1. Schoenhage-Strassen
Example: for 66M (2^26 - k*2^15) bits, with k>15
1.1. Preparation
Pad the number with zeros to 2^27 bits. Split into 2^15 parts with 2^12 bits. To prepare the transform in the ring 2^13+1, we split the 2^13+1 bits into 512 words of 16 bits and put 4 of these into 4 dwords of a SSE2 register using only the lower 16 bits, reserving the upper 16 bits to hold the overflow after additions.
Total clocks: 0 (static structure)
1.2. Outer NTT:
1.2.1 Do 2^7 transforms of length 2^8.
All required roots are shifts larger than 16 bits, and can be efficiently performed by changing the order of loads, so an optimal implementation will do 2 paddd(or psubd)/clock resp. 0.125 clocks/word.
Clocks: 0.125*512*2^7*2^8*8 = 16,777,216
1.2.2 Twiddle & transpose the results of the previous step.
Every 2nd twiddle requires one extra addition (sqrt(2)-trick). The shifting and carrying can be combined and requires two shifts, one addition, and one logical operation. An optimal implementation will require the logical operation to go to port #1 on Core2, which cannot be used by any of the other instructions. The two shifts can only go to port #0 so we get 2 cycles/4 words=0.5 cycles/word.
Clocks: 0.5*512*2^15 = 8,388,608
1.2.3 Do 2^8 transforms of length 2^7 analog to step 1.2.1.
Clocks: 0.125*512*2^7*2^8*7 = 14,680,064
1.2.4 Perform final carrying:
If done properly, the required shift, add, and will go to three different ports: 1 cycle/4 words
Clocks: 0.25*512*2^7*2^8 = 4,194,304
Total clocks: 44,040,192
1.3. Inner NTT:
1.3.1 Preparation
Group 4 words of the 512 words from step 1 to form moduli and perform negacyclic weighting (multiplying by 256th roots) by shifts, which only takes 0.125 cycles/word as the other half of the the words are zero.

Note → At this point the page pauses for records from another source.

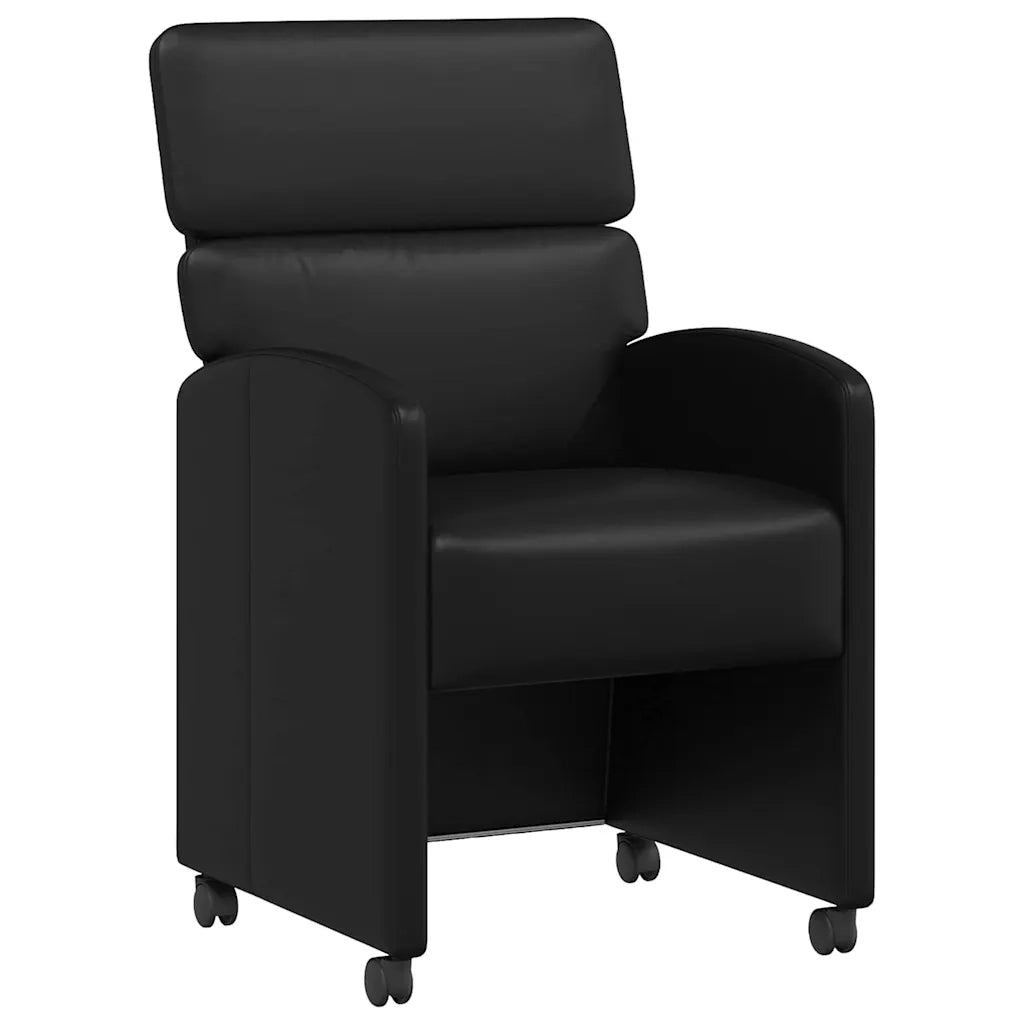 Sedie da Pranzo con Ruote con ruote 2 pcs Nero 58 x 65 x 98 cm 42017890
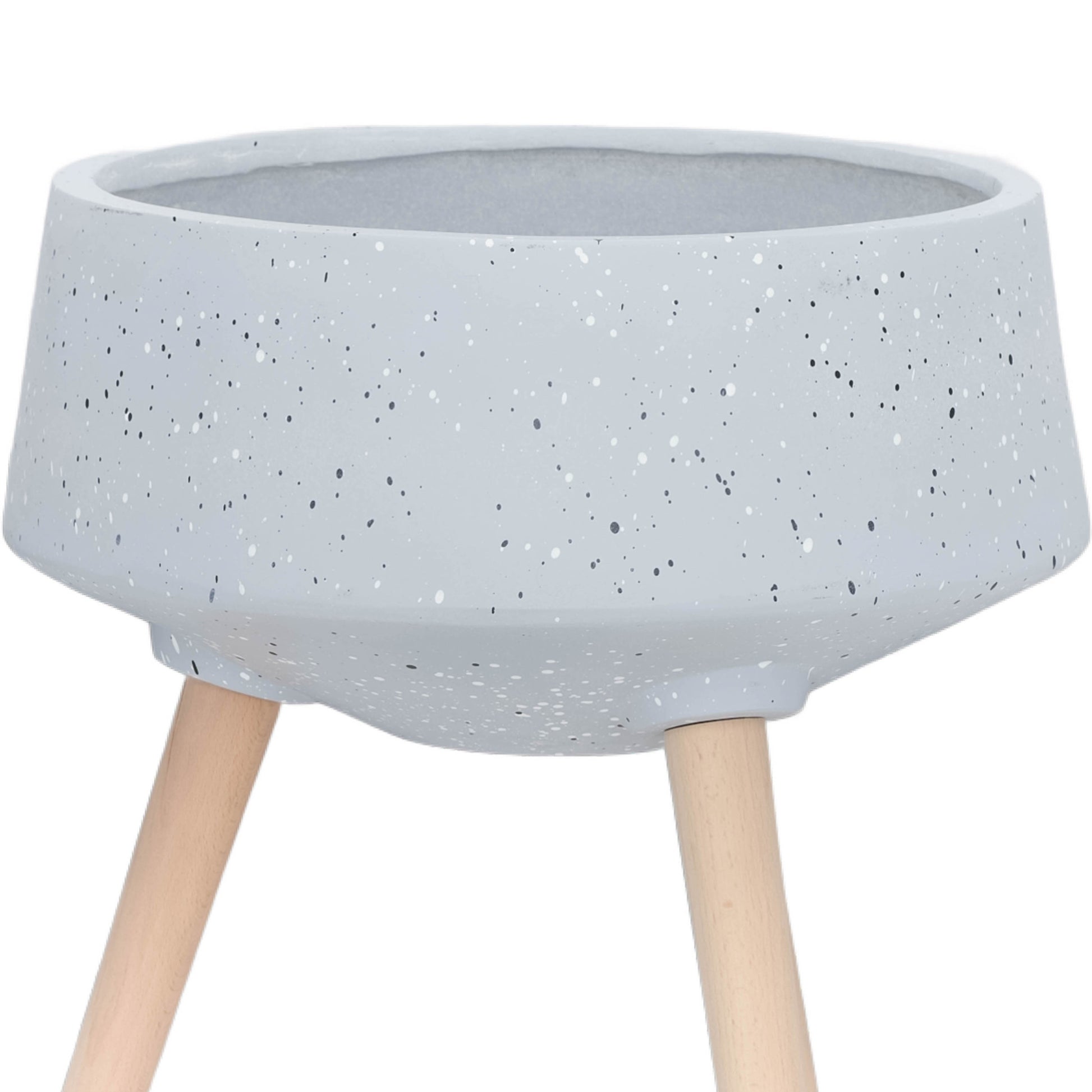 S 2 11 15" Terrazzo Planter W Wood Legs, Gray Gray Polyresin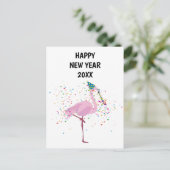 Flamingo Parting - Animals Holiday New Years Card Feestdagenkaart (Staand voorkant)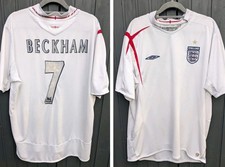 Vintage #7 Beckham England Nationalelf Trikot 2005-2007 Original Umbro Weiß 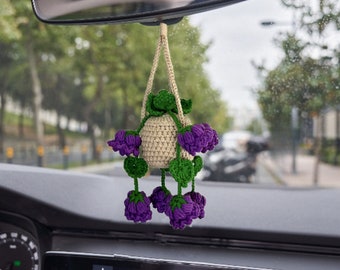 Lily of The Valley Car Hanging Crochet, Cute Car Accessories For Women, Car Mirror Hanging Accessories, Personalized Gift for Driver License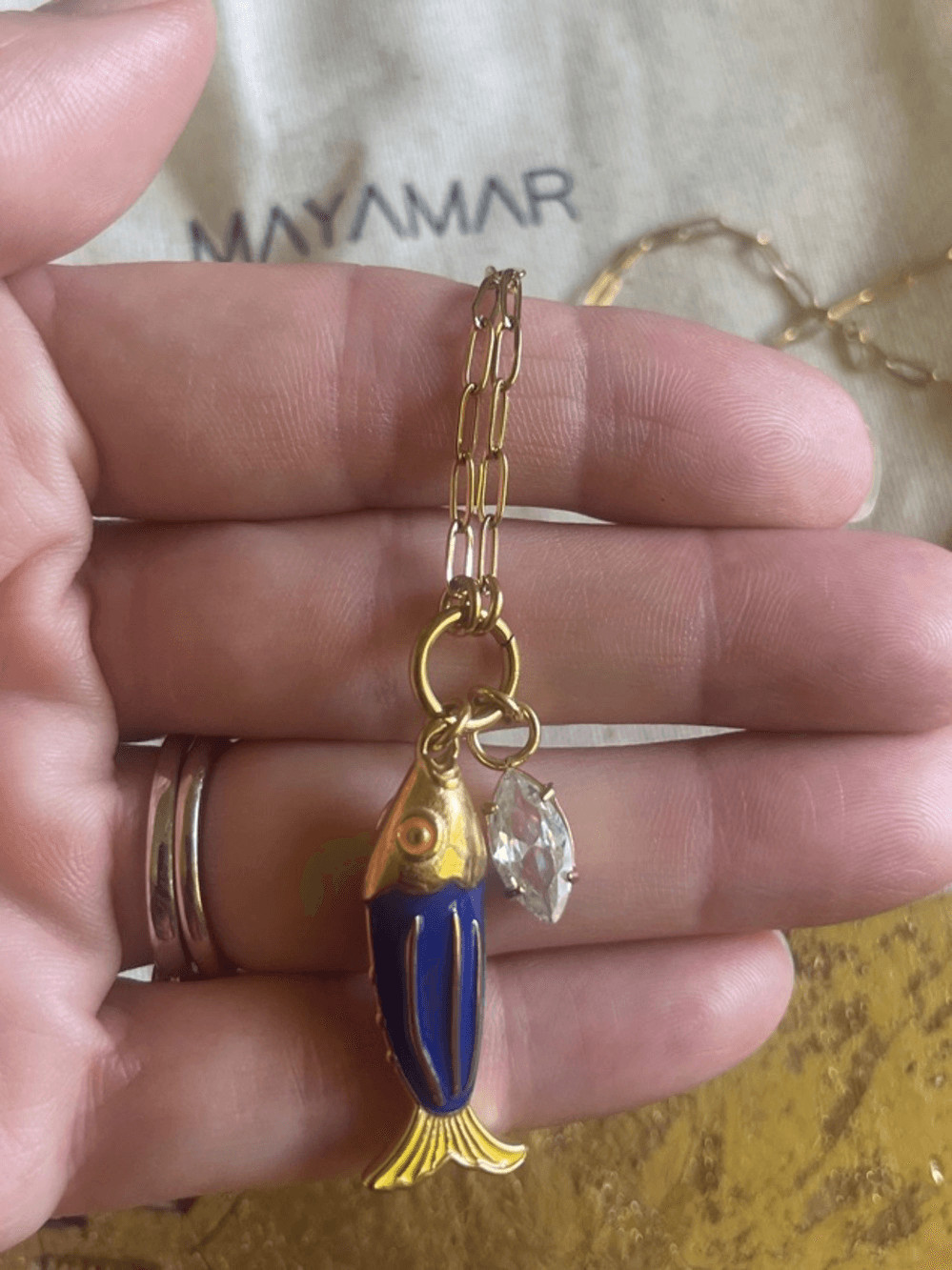 Mayamar Gold and Blue Fish Charm Paperclip Style Necklace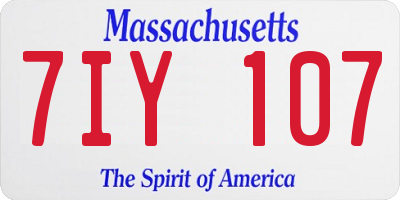 MA license plate 7IY107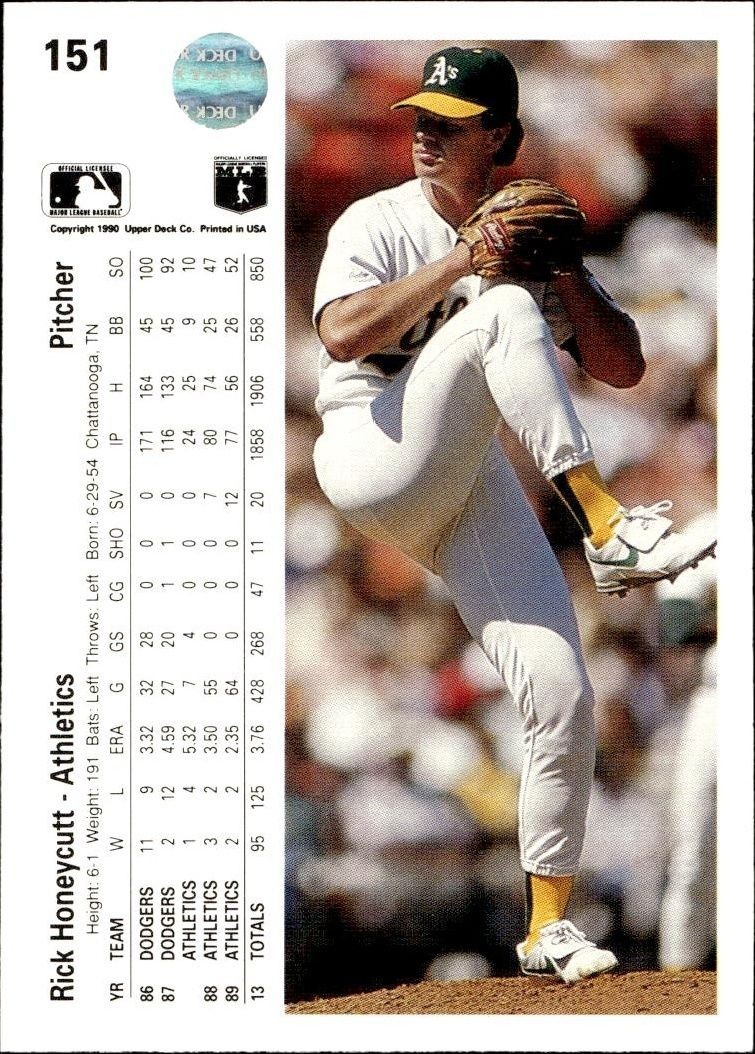 1990 Upper Deck Rick Honeycutt #151 baseball trading card back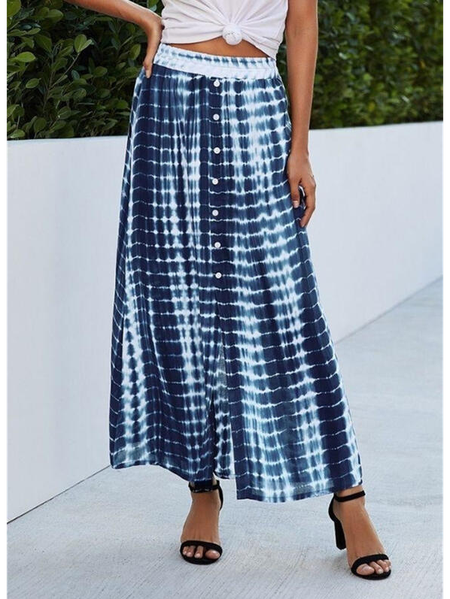 Women Boho Ombre Casual Long Skirt, Blue, Skirts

An immediate tweak would be to replace the following additions with logical or, which has a 1.5x higher throughput.
Clocks: 0.125*512*2^15 = 2,097,152
1.3.2 Transform
Perform an NTT analog to step 1.2.x., but with a balance of 4/3 instead of 8/7.
Clocks: 8*(0.125*7 + 0.5 + 0.125)*2^7*2^15 = 50,331,648
1.3.3 Harlan's Trick
The result of the previous step requires 136 bits, so the top 8 bits have been wrapped around and have been subtracted from the bottom 8 bits.
Fix: Do another transform with modulus 2^128+1, putting the bottom 8 bits of every 4th word from step 1.2.4, into every second word, do a negacyclic convolution of length 2^5, subtract the bottom 8 bits in every second word to the result of step 1.3.2. and reconstruct the upper bits for the carrying after the convolution.
Harlan's trick only adds 25% to the runtime of the inner NTT, not 100%.
Total Clocks: 50,331,648*1.25 = 62,914,560
1.4 Pointwise multiply
For sake of simplicity, let's assume that squaring a 128 bit-number requires three 64x64->128 multiplies at 4 clocks each. This instruction goes to port #1, so most of the 12 cycles will be hidden, and the total clocks are more likely to be determined by packing and unpacking 16-bit values.
Clocks: 12*1.25*2^7*2^15 = 62,914,560
1.5 Total clocks
2x step 1.2 + 2x step 1.3 + step 1.4 = 232,783,872
Or about 0.116 ms on a 2Ghz Core2, which is just as fast as prime95. Things get really interesting if one considers that only a maximum of 24 bits of the 32 bit words were actually used, so there is potential for a 50% speed-up, if someone can figure out how to use 24 bits instead of 16, keeping most roots free, without any significant increase in instruction count.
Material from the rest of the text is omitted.